** Records for this exercise follows **

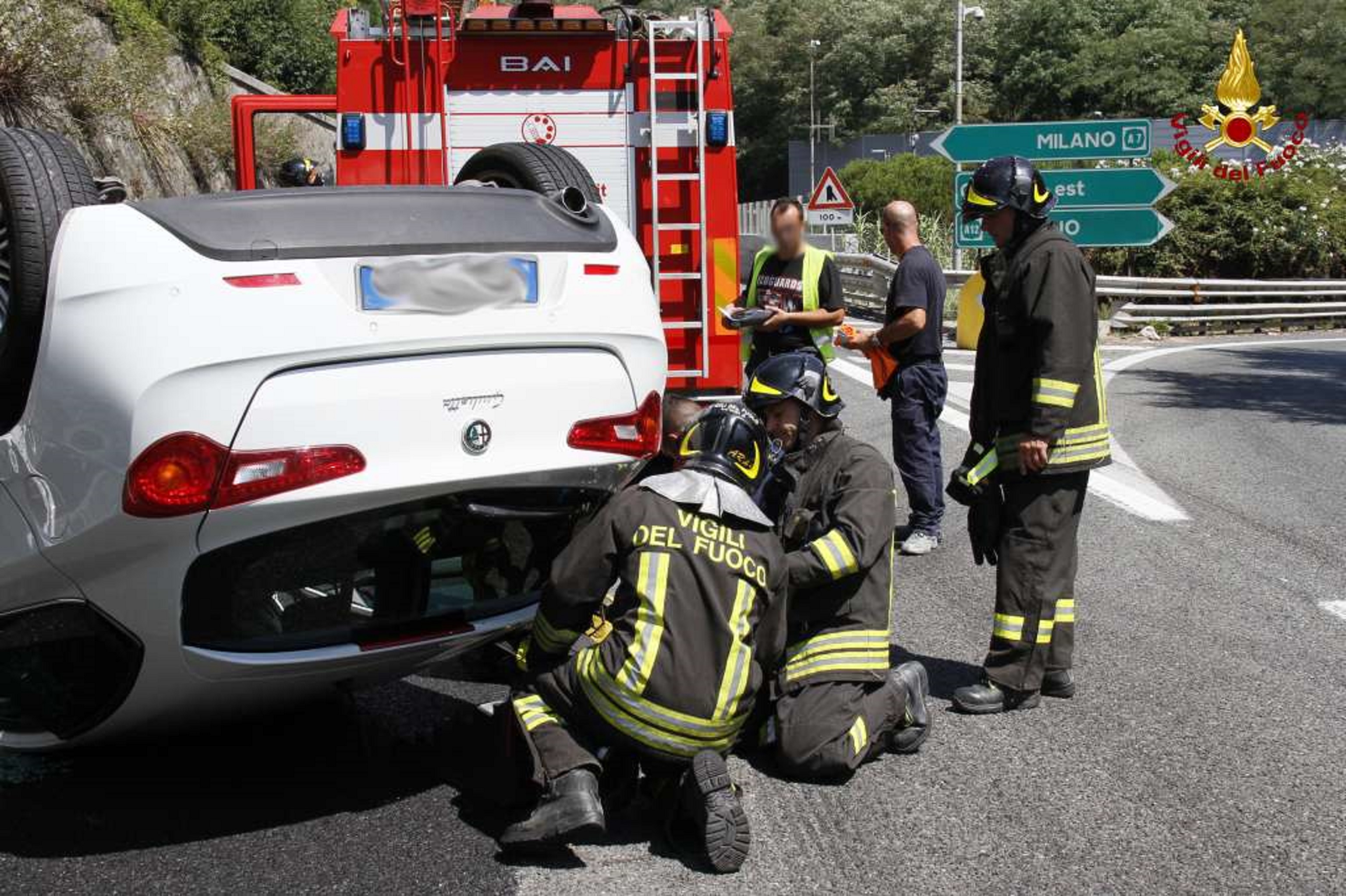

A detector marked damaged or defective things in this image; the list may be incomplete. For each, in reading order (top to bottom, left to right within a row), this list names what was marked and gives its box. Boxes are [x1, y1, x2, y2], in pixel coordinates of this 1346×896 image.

overturned white car [0, 130, 666, 750]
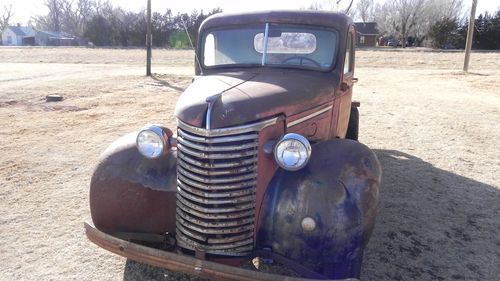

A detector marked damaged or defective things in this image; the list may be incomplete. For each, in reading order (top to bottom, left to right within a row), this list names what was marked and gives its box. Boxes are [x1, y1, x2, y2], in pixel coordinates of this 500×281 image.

rusty vintage truck [87, 10, 382, 280]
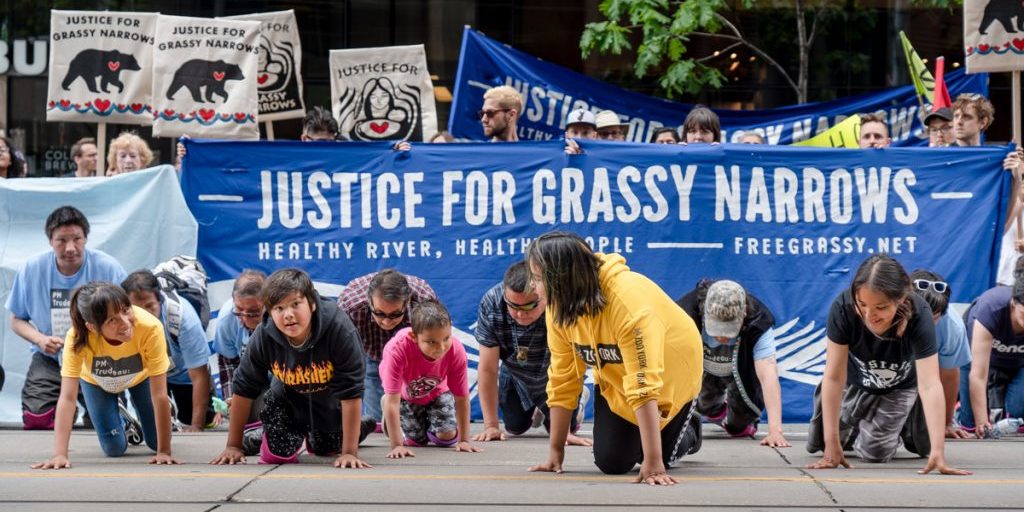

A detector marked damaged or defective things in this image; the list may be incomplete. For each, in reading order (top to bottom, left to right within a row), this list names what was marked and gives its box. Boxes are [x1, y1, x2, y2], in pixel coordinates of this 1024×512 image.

pavement crack [223, 466, 278, 501]
pavement crack [790, 468, 839, 505]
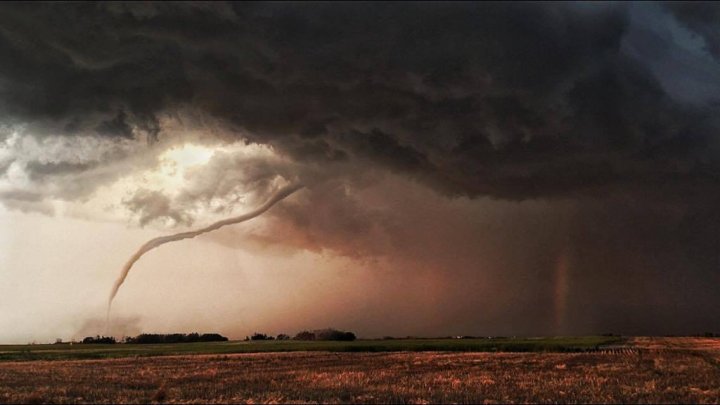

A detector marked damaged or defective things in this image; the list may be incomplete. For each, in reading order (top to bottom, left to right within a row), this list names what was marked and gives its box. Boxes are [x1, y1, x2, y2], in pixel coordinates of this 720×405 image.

damaged crop field [1, 334, 720, 404]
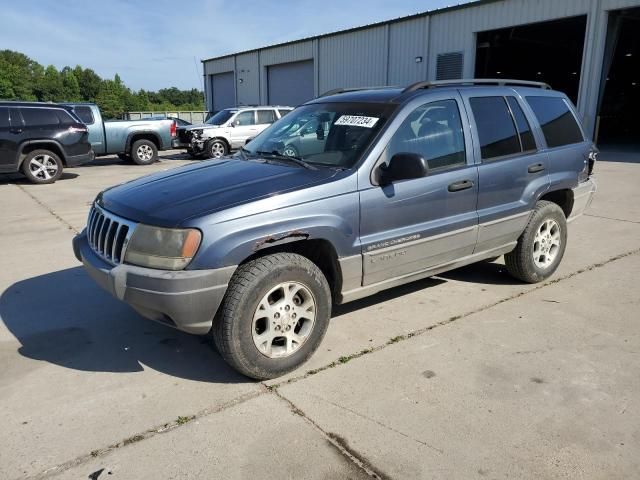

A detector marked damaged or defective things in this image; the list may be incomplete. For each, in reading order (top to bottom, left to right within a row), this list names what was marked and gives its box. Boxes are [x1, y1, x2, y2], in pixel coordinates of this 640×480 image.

rust spot [252, 230, 310, 251]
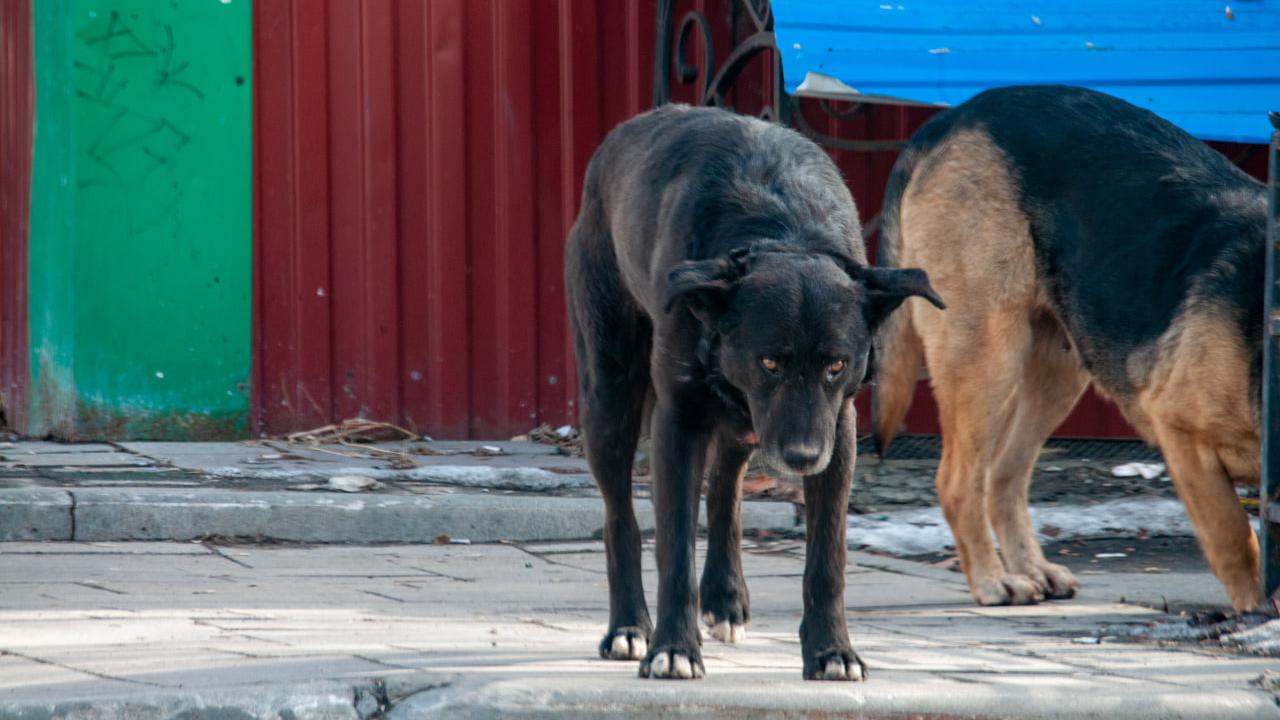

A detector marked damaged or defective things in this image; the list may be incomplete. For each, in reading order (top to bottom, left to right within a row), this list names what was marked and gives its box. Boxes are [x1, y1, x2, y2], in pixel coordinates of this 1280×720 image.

cracked sidewalk pavement [0, 536, 1272, 716]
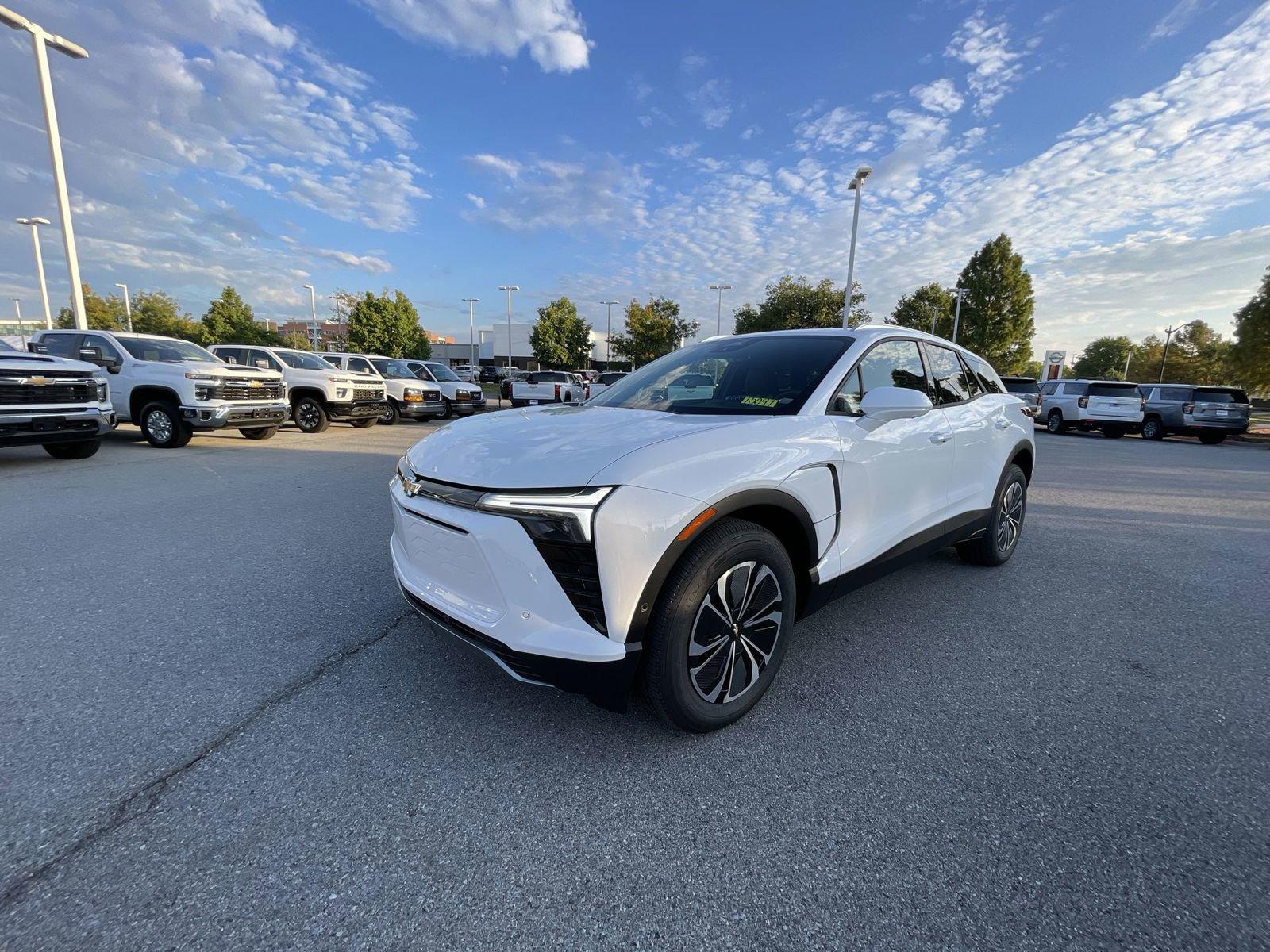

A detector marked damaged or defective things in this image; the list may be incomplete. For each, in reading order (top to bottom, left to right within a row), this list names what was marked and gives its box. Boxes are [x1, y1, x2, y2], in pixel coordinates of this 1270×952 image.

cracked asphalt [2, 421, 1270, 949]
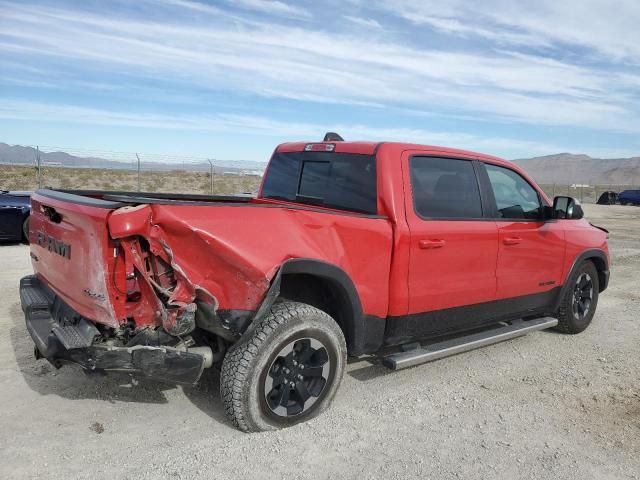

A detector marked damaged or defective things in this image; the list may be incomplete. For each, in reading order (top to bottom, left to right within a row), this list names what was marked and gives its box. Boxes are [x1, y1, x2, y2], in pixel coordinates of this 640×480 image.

damaged rear quarter panel [109, 202, 396, 318]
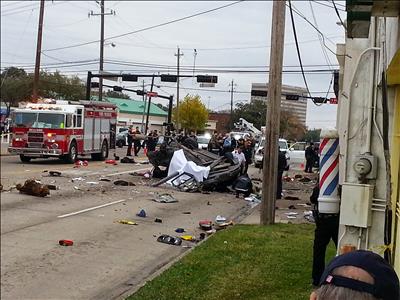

** End of Records for this exercise **

Only the lines from the one containing "this 500×281 image." through the last line of the entries, both included, should be repeated exactly, and the pictures should be left out.

## Answer below
A detector marked damaged or defective things in this image; the list may be incomplete. For each, in reading order (top to bottom, left to right within a row), this list names what was marked and gives its box. Boxes are [x1, y1, x2, y2], in pixel coordinates of this 500×281 image.

rusty vintage truck [87, 10, 382, 280]

A detector marked damaged or defective things in this image; the list may be incomplete. For each, in reading order (top to bottom, left to right within a row), this list names what was marked and gives its box. Boxes are [x1, y1, x2, y2], in pixel coordinates of this 1024×512 image.

pavement crack [223, 466, 278, 501]
pavement crack [790, 468, 839, 505]

A detector marked damaged or defective things in this image; the list may be incomplete. For each, in reading order (top to bottom, left to right within a row), this list names what was marked and gives its box. Boxes are [x1, y1, x2, y2], in pixel coordinates of this 720×405 image.

damaged crop field [1, 334, 720, 404]

A detector marked damaged or defective things in this image; the list may be incomplete. For each, in reading order (top to bottom, left to right within a row), this list names what was marked and gives its box. Boxes are [x1, y1, x2, y2], in pixel coordinates of this 640×480 image.

rust spot [252, 230, 310, 251]

A detector marked damaged or defective things in this image; the list may be incomplete. For each, in reading order (top to bottom, left to right within a row), this list names what was marked and gives its box. Boxes are [x1, y1, x2, y2], in pixel coordinates of this 1280×720 image.

cracked sidewalk pavement [0, 536, 1272, 716]

A detector marked damaged or defective things in this image; the list may be incomplete. For each, in reading order (top to bottom, left to right within a row), this list names what was marked and gives its box. Boxes are [x1, y1, x2, y2], in pixel coordinates of this 1270×952 image.

cracked asphalt [2, 421, 1270, 949]

A detector marked damaged or defective things in this image; the list may be incomplete. For each, in reading order (top to bottom, left to right within a row), this list names what was marked and gives its box. Boxes are [x1, y1, x2, y2], in pixel coordinates of this 640×480 image.

damaged rear quarter panel [109, 202, 396, 318]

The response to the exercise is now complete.